Bob Shiller wrote an interesting piece in today's NY Times on the irrationality of human action. Shiller argues that the economist's conception of human beings as rational is hard to square with the behavior of asset markets.
Although I agree with Shiller, that human action is inadequately captured by the assumptions that most economists make about behavior, I am not convinced that we need to go much beyond the rationality assumption, to understand what causes financial crises or why they are so devastatingly painful for large numbers of people. The assumption that agents maximize utility can get us a very very long way.
I am going to stake out a position that Amartya Sen, in his lovely article on rational fools, ascribes to Edgeworth in his book, Mathematical Psychics: namely, that agents are rational in a narrowly defined sense. I am willing to make that assumption because, as I will argue, the financial markets would go very badly wrong most of the time even if agents were fully rational in the sense in which economists define rationality.
Edgeworth introduced what he called his first principle of economics which is that "every agent is actuated only by self interest." As Sen points out, Edgeworth was not naive enough to think that people behave exactly in the way he portrays them. In Sens's words,
In my own work, I have shown that the labor market can go very badly wrong even when everybody is rational. My coauthors and I showed in a recent paper, that the same idea holds in financial markets. Even when individuals are assumed to be rational; the financial markets may function very badly.1
In my coauthored paper, we describe a world populated by rational utility maximizers. We make only two, reasonable, changes to the representative agent model. We allow for two kinds of agents instead of one, and unlike the standard model, our agents do not live forever; they are born and they die. Those assumptions turn out to be sufficient to cause huge inefficient swings in asset prices. Asset market fluctuations occur because agents are unable to insure against the state of the world into which they are born.
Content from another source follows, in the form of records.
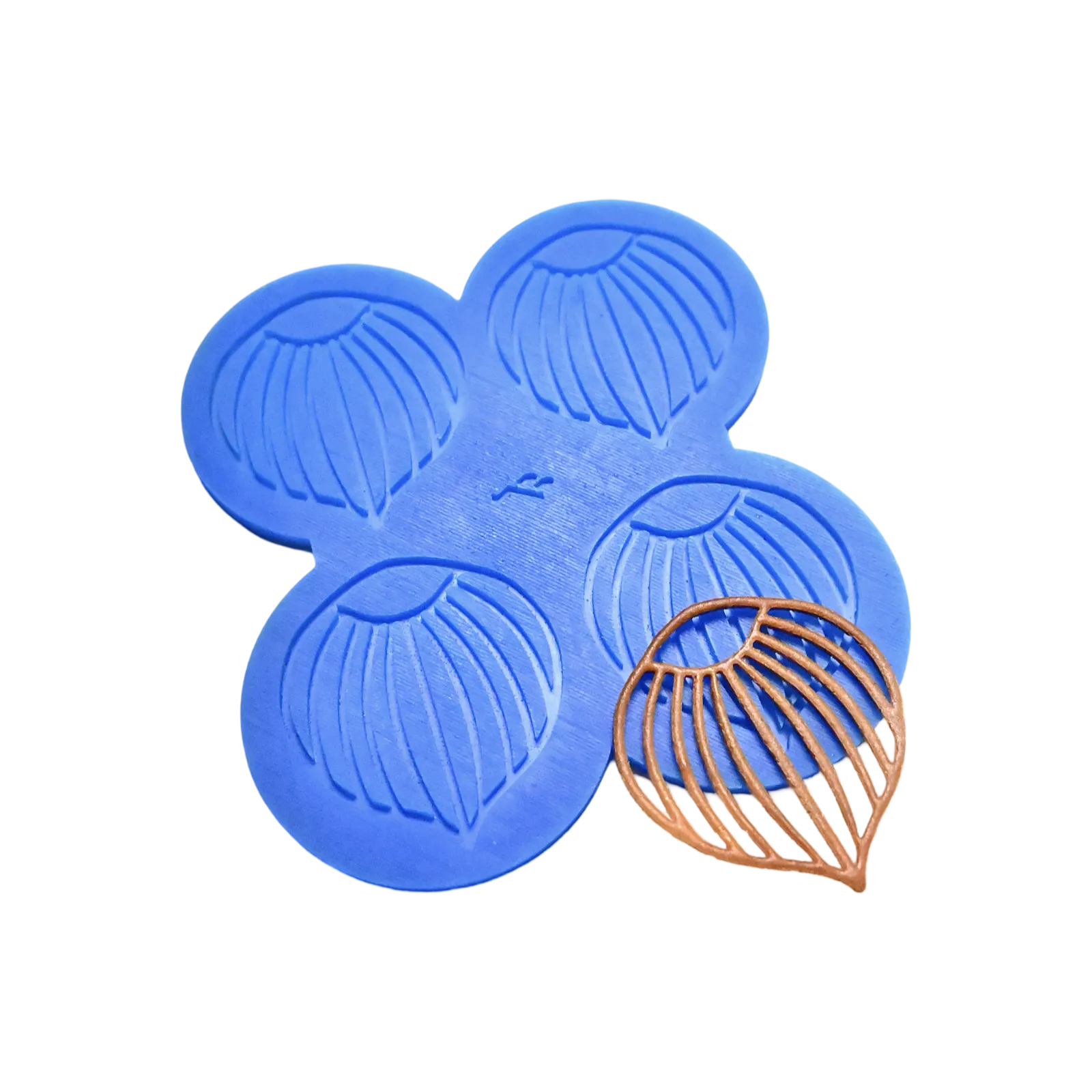 Blue silicone mat with four hazelnut-shaped tuile molds and a finished brown tuile.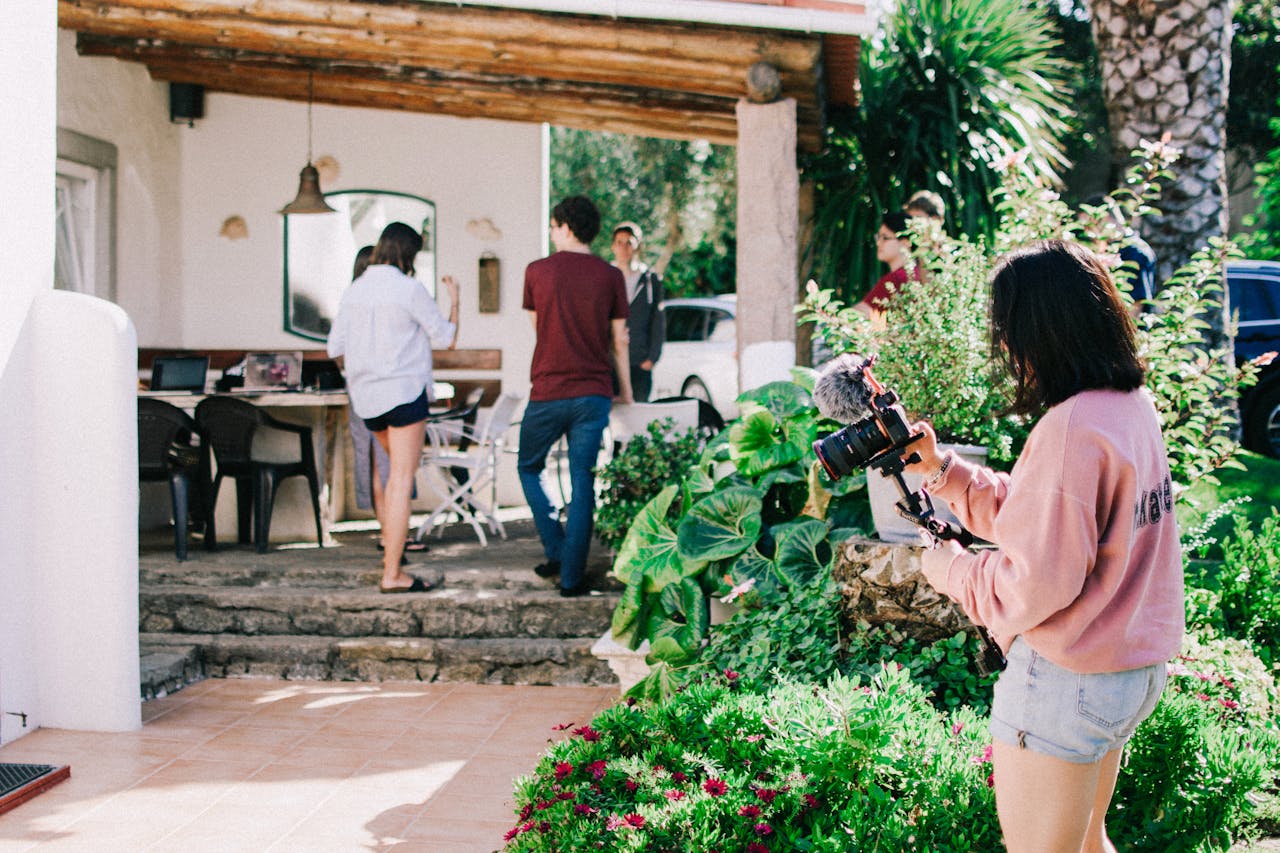 person with camera outside of house
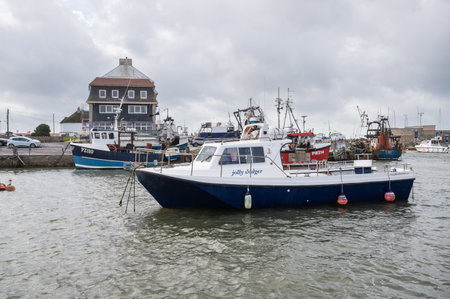 West Bay, United Kingdom - October 29 2022: Boats in West Bay harbour in Dorset, South West, United Kingdom, selective focusのeditorial素材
Figure 1 is a plot, taken from the paper, that shows the distribution of the expected value of the earnings of a new born person. The figure illustrates the differing lifetime opportunities of being born into a boom or a recession. And since human wealth and stock market wealth move together in our model, the picture also illustrates the range of values that can be taken by the price earnings ratio.
Miles Kimball and I have both been arguing that stock market fluctuations are inefficient and we both think that government should act to stabilize the asset markets. Miles' position is much closer to that of Bob Shiller; he thinks that agents are not always rational in the sense of Edgeworth. Miles and Bob may well be right. But in my view, the argument for stabilizing asset markets is much stronger. Even if we accept that agents are rational, it does not follow that swings in asset prices are Pareto efficient. But whether the motive arises from irrational people, or irrational markets; Miles and I agree: We can, and should, design an institution that takes advantage of the government's ability to trade on behalf of the unborn. More on that in a future post.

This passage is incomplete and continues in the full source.